:: WHAT TO WORK ON ::
Copy the material below verbatim from the line with "Vintage Talbots Black" to the line with "LIVING ROOTS White", both lines included, omitting pictures and every line outside that range.

:: DATASET EXTRACT ::
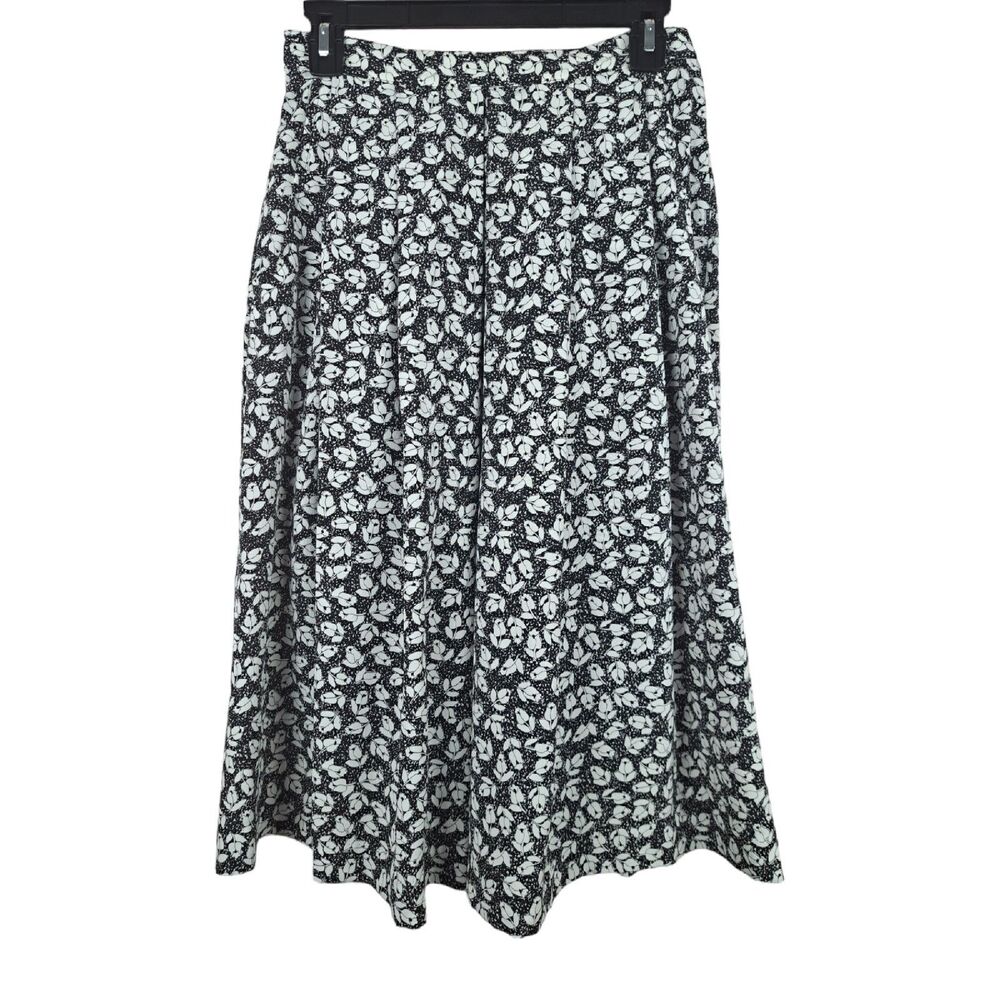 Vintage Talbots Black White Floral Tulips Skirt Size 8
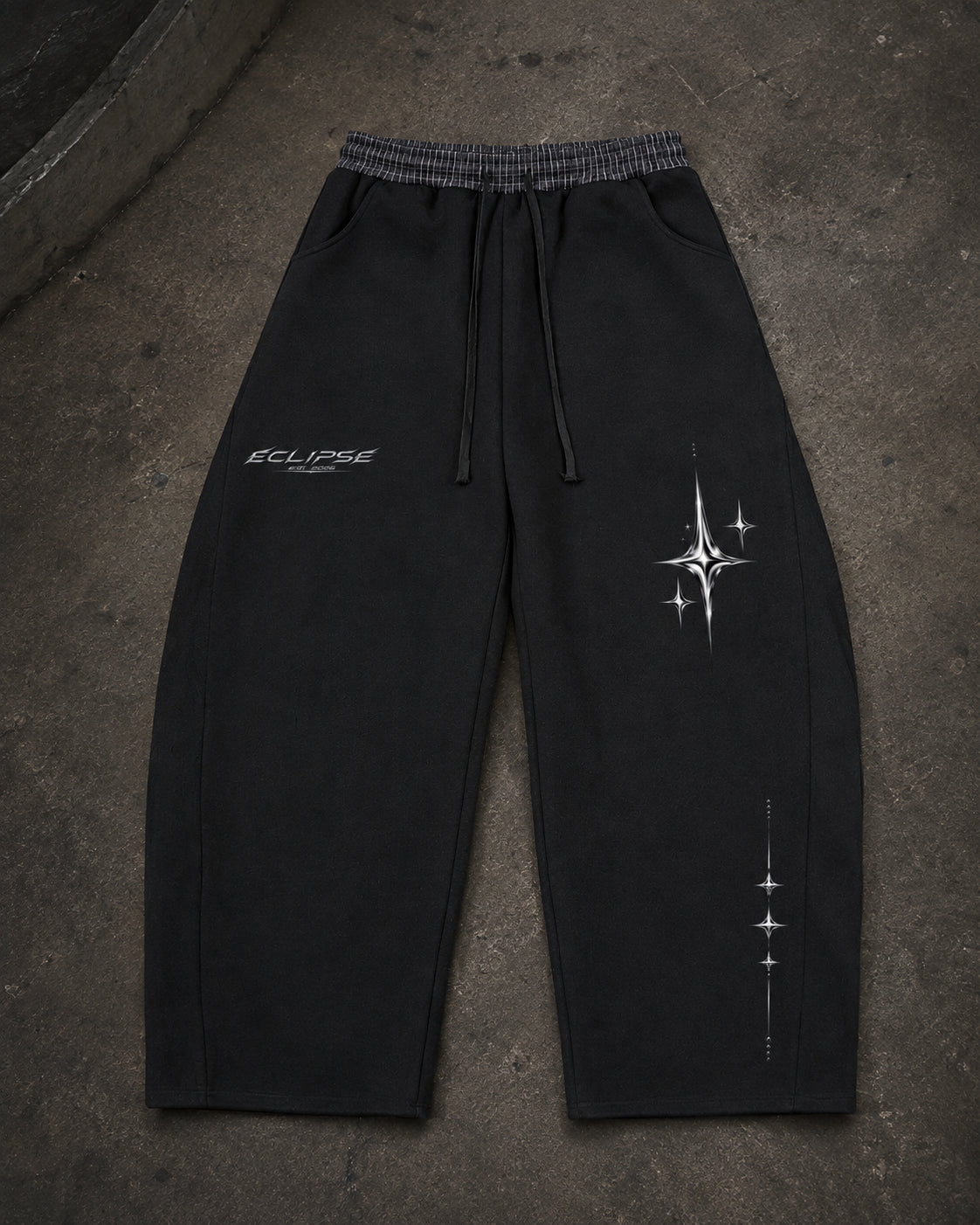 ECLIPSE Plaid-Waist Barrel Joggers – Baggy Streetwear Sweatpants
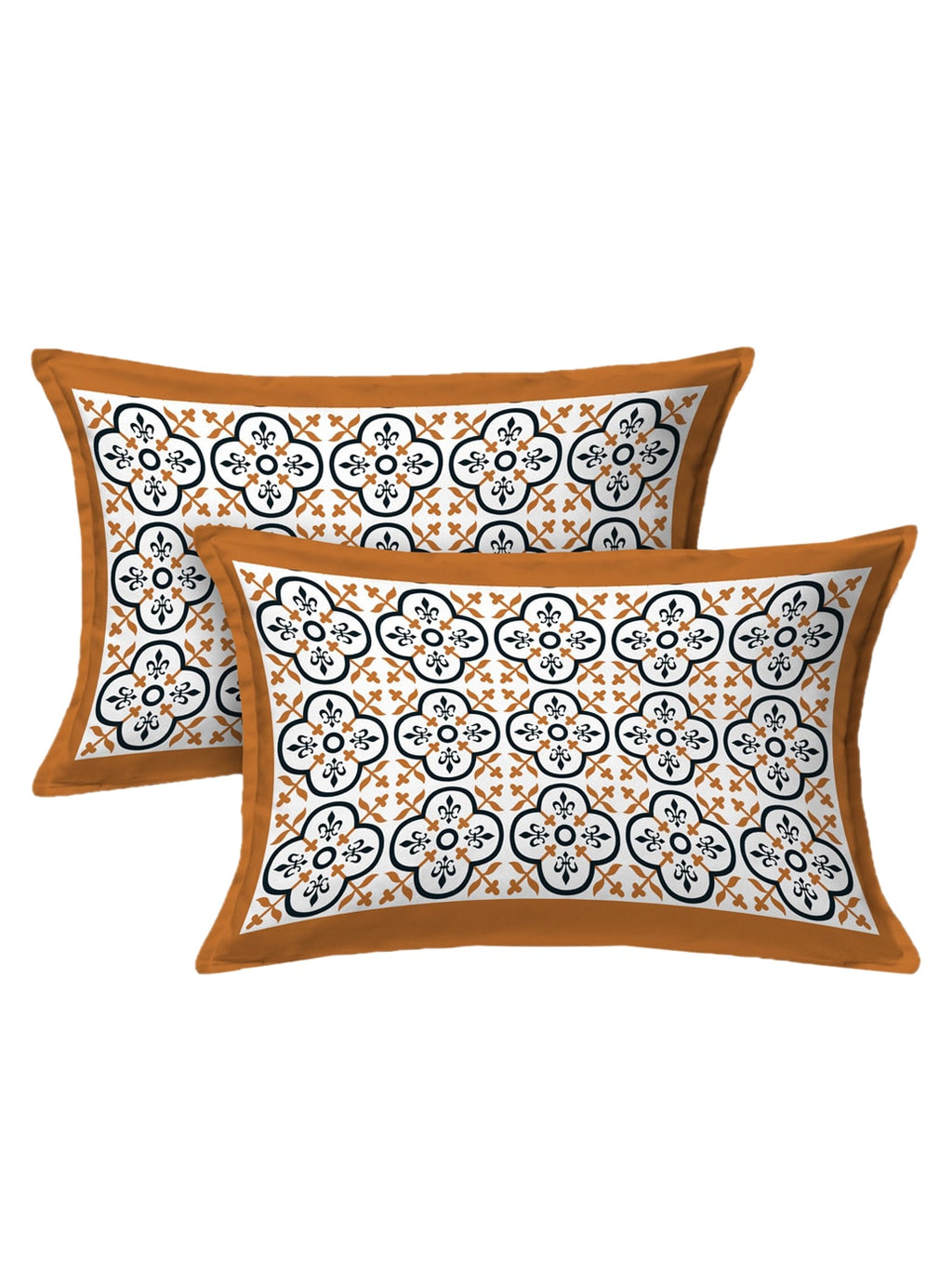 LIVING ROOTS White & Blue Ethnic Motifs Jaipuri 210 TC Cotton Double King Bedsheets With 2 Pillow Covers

==

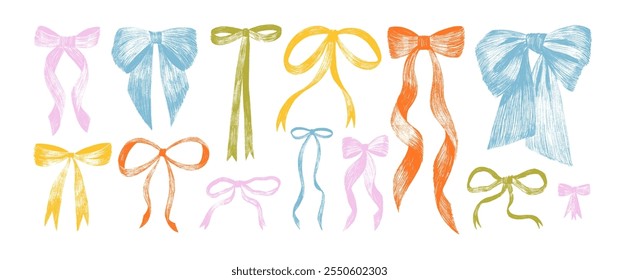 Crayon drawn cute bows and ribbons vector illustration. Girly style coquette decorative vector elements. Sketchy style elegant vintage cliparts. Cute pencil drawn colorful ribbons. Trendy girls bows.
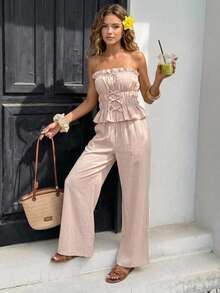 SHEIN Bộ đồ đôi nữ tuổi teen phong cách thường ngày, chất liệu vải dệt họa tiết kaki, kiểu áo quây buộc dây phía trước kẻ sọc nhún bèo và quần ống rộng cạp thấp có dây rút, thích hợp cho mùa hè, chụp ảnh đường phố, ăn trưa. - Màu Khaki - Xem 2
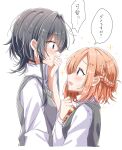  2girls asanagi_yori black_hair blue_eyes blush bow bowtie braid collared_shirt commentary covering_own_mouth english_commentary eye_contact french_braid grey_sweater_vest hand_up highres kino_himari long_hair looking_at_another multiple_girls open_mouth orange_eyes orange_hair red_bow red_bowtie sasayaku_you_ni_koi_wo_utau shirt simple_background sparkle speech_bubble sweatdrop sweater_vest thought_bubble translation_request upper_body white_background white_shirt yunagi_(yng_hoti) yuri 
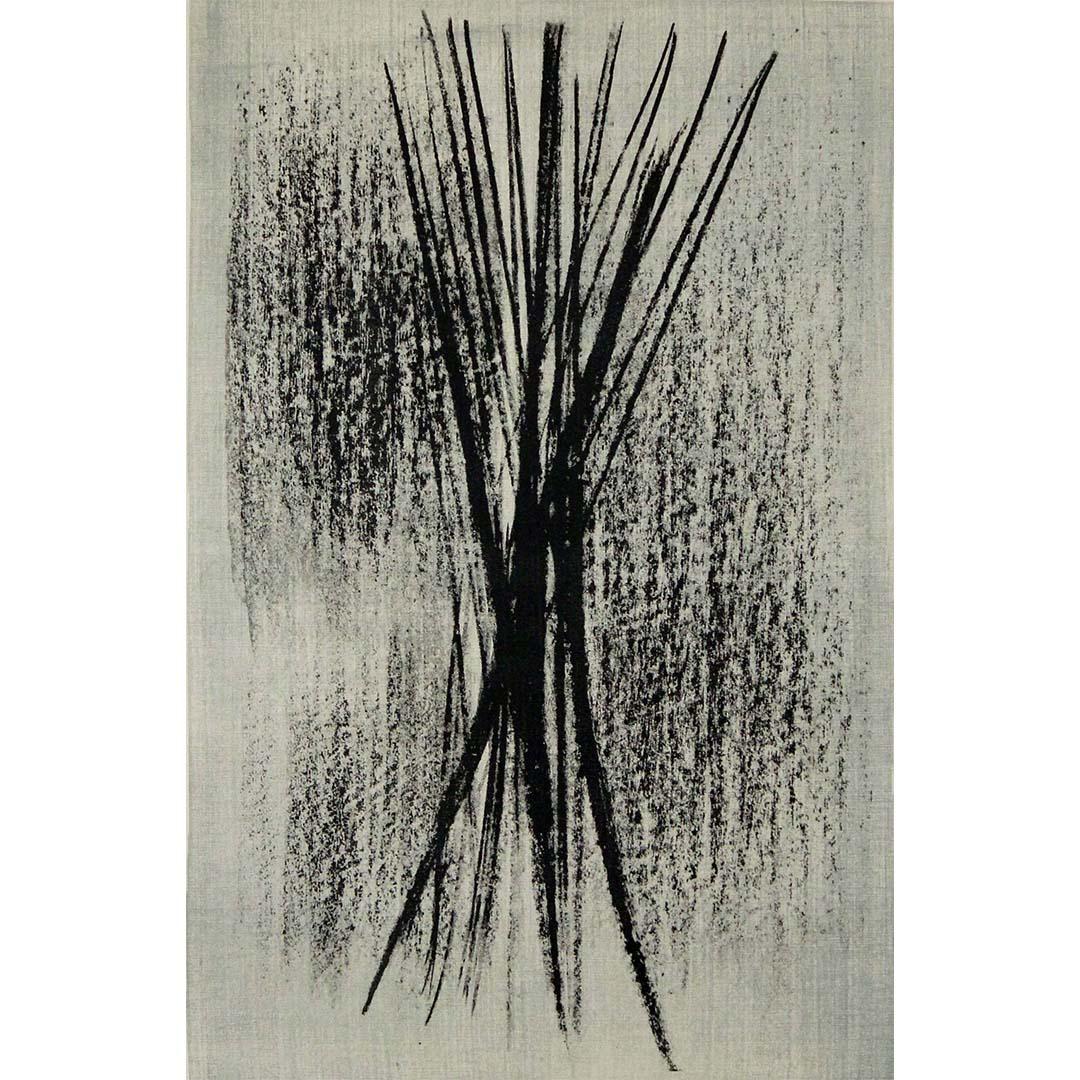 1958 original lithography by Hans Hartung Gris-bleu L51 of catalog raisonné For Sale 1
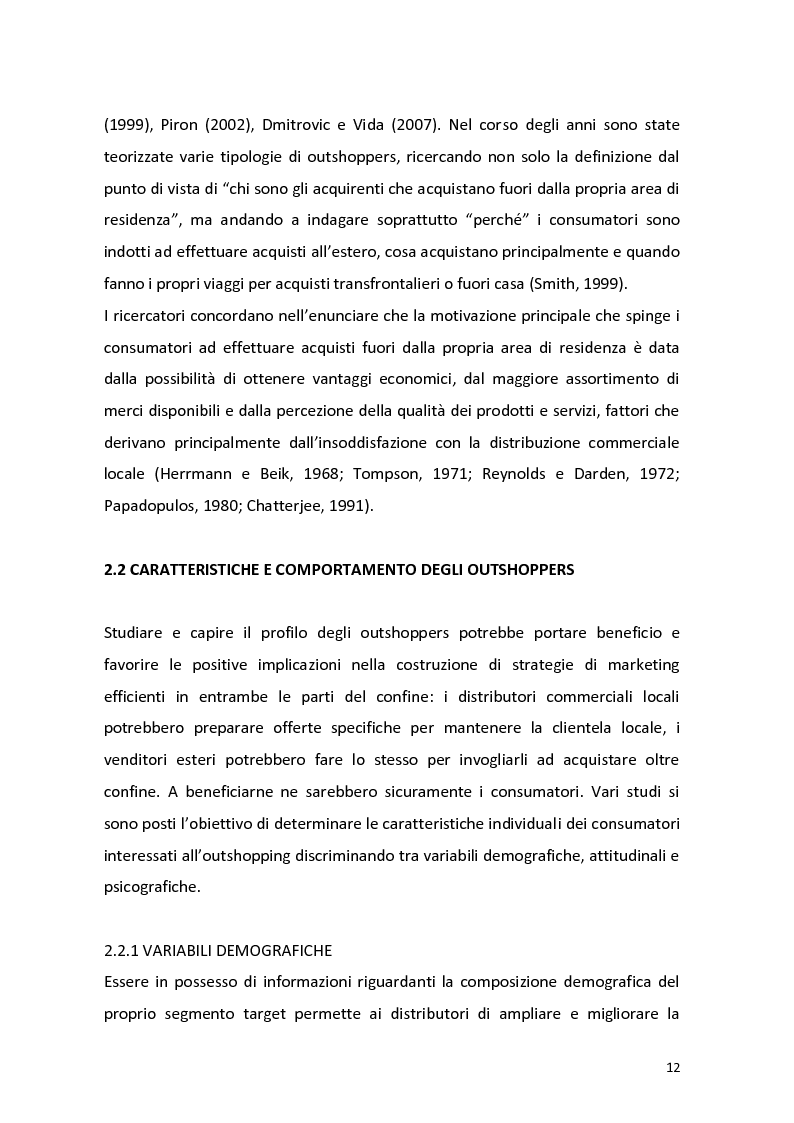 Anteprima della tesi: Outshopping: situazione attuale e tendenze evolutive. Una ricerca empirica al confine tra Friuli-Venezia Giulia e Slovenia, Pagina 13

---

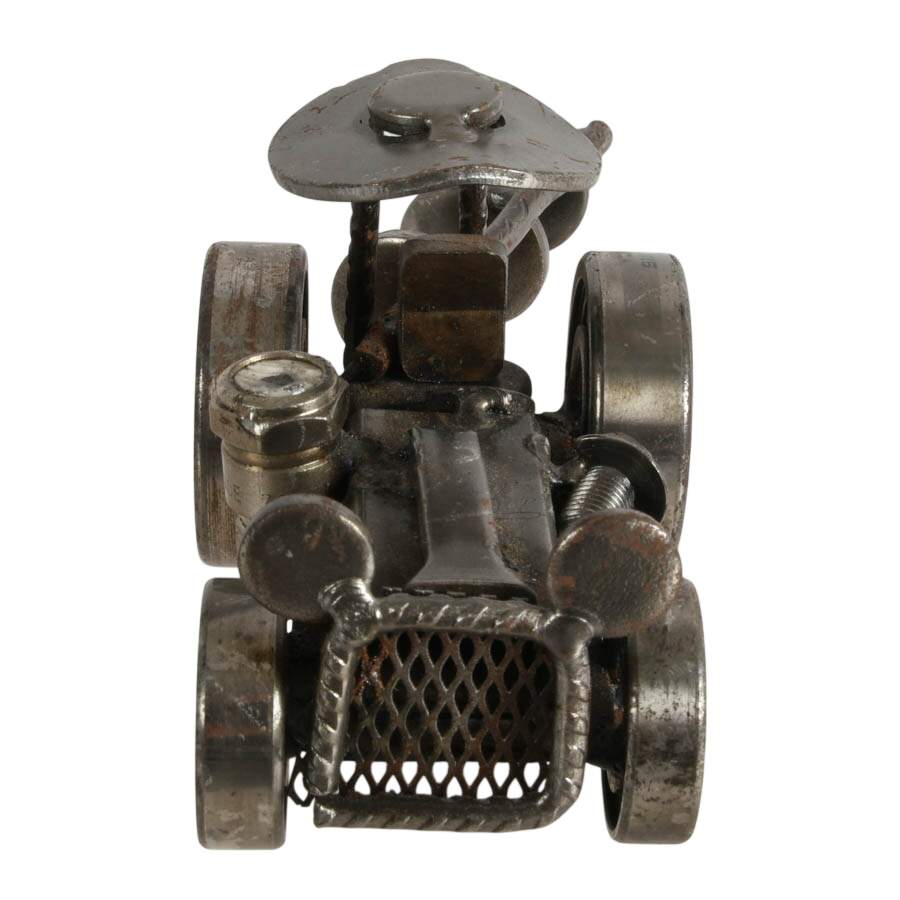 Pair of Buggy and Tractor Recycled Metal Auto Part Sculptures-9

:: RESPONSE FOR THIS EXERCISE ::
 Vintage Talbots Black White Floral Tulips Skirt Size 8
 ECLIPSE Plaid-Waist Barrel Joggers – Baggy Streetwear Sweatpants
 LIVING ROOTS White & Blue Ethnic Motifs Jaipuri 210 TC Cotton Double King Bedsheets With 2 Pillow Covers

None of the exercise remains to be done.